Loss and Detection Metrics Setup

For functions like PPYoloELoss and DetectionMetrics_050, ensure you specify the number of classes in your dataset correctly to align loss calculations and metrics evaluation with your dataset’s specifics.

from super_gradients.training.losses import PPYoloELoss
from super_gradients.training.metrics import DetectionMetrics_050
from super_gradients.training.models.detection_models.pp_yolo_e import PPYoloEPostPredictionCallback


train_params = {
   # ENABLING SILENT MODE
   'silent_mode': True,
   "average_best_models":True,
   "warmup_mode": "linear_epoch_step",
   "warmup_initial_lr": 1e-6,
   "lr_warmup_epochs": 3,
   "initial_lr": 5e-4,
   "lr_mode": "cosine",
   "cosine_final_lr_ratio": 0.1,
   "optimizer": "Adam",
   "optimizer_params": {"weight_decay": 0.0001},
   "zero_weight_decay_on_bias_and_bn": True,
   "ema": True,
   "ema_params": {"decay": 0.9, "decay_type": "threshold"},
   # ONLY TRAINING FOR 10 EPOCHS FOR THIS EXAMPLE NOTEBOOK
   "max_epochs": 10,
   "mixed_precision": True,
   "loss": PPYoloELoss(
       use_static_assigner=False,
       # NOTE: num_classes needs to be defined here
       num_classes=len(dataset_params['classes']),
       reg_max=16
   ),
   "valid_metrics_list": [
       DetectionMetrics_050(
           score_thres=0.1,
           top_k_predictions=300,
           # NOTE: num_classes needs to be defined here
           num_cls=len(dataset_params['classes']),
           normalize_targets=True,
           post_prediction_callback=PPYoloEPostPredictionCallback(
               score_threshold=0.01,
               nms_top_k=1000,
               max_predictions=300,
               nms_threshold=0.7
           )
       )
   ],
   "metric_to_watch": '[email protected]'
}


🦾 Commencing the Training

You’ve covered a lot of ground so far:

✅ Instantiated the trainer

✅ Defined your dataset parameters and dataloaders

✅ Instantiated a model

✅ Set up your training parameters

Now it’s time to start the training process with the configured model, training parameters, and data loaders.


It’s as easy as…

trainer.train(model=model, training_params=train_params, train_loader=train_data, valid_loader=val_data)
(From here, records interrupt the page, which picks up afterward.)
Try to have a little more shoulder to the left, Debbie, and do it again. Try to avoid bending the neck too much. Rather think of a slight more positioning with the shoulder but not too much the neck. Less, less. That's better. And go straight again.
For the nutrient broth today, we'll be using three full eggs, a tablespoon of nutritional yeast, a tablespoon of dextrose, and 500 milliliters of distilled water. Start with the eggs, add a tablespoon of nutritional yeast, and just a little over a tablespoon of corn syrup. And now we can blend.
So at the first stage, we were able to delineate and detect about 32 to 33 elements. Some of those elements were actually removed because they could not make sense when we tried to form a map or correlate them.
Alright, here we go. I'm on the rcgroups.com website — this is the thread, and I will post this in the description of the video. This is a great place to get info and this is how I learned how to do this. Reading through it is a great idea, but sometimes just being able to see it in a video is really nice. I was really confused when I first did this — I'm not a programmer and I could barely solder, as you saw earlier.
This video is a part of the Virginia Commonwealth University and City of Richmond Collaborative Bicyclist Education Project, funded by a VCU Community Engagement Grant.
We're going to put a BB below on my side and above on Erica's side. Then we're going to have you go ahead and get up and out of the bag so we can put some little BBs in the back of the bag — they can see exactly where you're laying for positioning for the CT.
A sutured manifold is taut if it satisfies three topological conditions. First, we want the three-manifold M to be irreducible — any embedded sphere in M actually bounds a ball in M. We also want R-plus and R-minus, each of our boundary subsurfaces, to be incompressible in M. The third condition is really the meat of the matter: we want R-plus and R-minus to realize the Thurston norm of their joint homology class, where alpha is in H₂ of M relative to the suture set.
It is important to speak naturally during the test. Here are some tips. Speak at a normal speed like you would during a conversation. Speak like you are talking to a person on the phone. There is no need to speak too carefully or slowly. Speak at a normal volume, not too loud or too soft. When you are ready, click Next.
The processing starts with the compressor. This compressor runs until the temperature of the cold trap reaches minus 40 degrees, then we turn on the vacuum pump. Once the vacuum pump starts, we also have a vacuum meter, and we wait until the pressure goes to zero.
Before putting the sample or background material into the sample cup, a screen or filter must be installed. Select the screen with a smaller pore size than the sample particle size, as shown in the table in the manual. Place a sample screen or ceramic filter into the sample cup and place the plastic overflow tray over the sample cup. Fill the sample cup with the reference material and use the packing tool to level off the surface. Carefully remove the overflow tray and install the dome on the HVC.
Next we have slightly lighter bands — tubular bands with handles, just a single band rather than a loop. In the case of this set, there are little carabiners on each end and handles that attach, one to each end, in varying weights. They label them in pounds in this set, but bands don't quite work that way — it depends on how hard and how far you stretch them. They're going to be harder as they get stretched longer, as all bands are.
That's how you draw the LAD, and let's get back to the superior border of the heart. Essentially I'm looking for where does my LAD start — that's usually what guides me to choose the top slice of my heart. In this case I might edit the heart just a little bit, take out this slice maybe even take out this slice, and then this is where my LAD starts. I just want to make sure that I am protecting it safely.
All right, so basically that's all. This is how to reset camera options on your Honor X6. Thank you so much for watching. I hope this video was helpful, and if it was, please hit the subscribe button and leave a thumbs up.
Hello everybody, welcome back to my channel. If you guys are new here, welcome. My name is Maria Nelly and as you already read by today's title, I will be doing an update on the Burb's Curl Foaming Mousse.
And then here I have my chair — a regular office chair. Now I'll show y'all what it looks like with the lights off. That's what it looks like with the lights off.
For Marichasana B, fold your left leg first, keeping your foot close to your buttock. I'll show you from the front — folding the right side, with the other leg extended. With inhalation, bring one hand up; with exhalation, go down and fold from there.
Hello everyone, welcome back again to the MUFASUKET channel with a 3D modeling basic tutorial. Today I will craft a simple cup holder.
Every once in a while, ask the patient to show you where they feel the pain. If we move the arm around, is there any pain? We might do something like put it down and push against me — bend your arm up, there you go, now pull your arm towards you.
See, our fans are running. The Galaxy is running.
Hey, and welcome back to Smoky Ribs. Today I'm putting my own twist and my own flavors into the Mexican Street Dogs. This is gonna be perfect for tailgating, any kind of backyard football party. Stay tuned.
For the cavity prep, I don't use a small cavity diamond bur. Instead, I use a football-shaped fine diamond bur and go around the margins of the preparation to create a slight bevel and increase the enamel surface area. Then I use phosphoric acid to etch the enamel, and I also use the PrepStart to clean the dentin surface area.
🏆 Retrieving the Best Trained Model

After completing the training process, the next crucial step is to obtain the model that has performed the best during your training sessions. In SuperGradients, this involves selecting the most effective set of weights from your training runs. You have a couple of options based on your training strategy and goals:


Using Checkpoint Averaging

SuperGradients implements checkpoint averaging. This approach combines weights from various epochs to achieve a more balanced and potentially robust model. It averages out the fluctuations and inconsistencies that might occur in different training stages. The code for retrieving a model with averaged weights would look something like this:

from super_gradients.training import models

# Path to the averaged checkpoint
averaged_checkpoint_path = 'checkpoints/my_first_yolonas_run/average_model.pth'

# Retrieve the model with averaged weights
best_model = models.get('yolo_nas_l', 
                        num_classes=len(dataset_params['classes']),
                        checkpoint_path=averaged_checkpoint_path)


Choosing Best or Last Weights

Alternatively, you might prefer using the absolute best weights from a single epoch or the weights from the last epoch of training. The choice between these depends on whether you prioritize the peak performance achieved at any point (best weights) or the final state of the model after the last training epoch (last weights).

Here’s how you can load the model with these weights:

Best Weights:

best_weights_path = 'checkpoints/my_first_yolonas_run/ckpt_best.pth'
best_model = models.get('yolo_nas_l', 
                        num_classes=len(dataset_params['classes']),
                        checkpoint_path=best_weights_path)


Last Weights:

last_weights_path = 'checkpoints/my_first_yolonas_run/ckpt_latest.pth'
last_model = models.get('yolo_nas_l', 
                        num_classes=len(dataset_params['classes']),
                        checkpoint_path=last_weights_path)


Each of these methods has its own advantages, and the choice largely depends on your specific project requirements and the nature of your training data. Experimenting with both can provide insights into what works best for your particular use case.


🧐 Model Evaluation on Test Data

Evaluate your model on the test dataset to understand its performance in real-world scenarios.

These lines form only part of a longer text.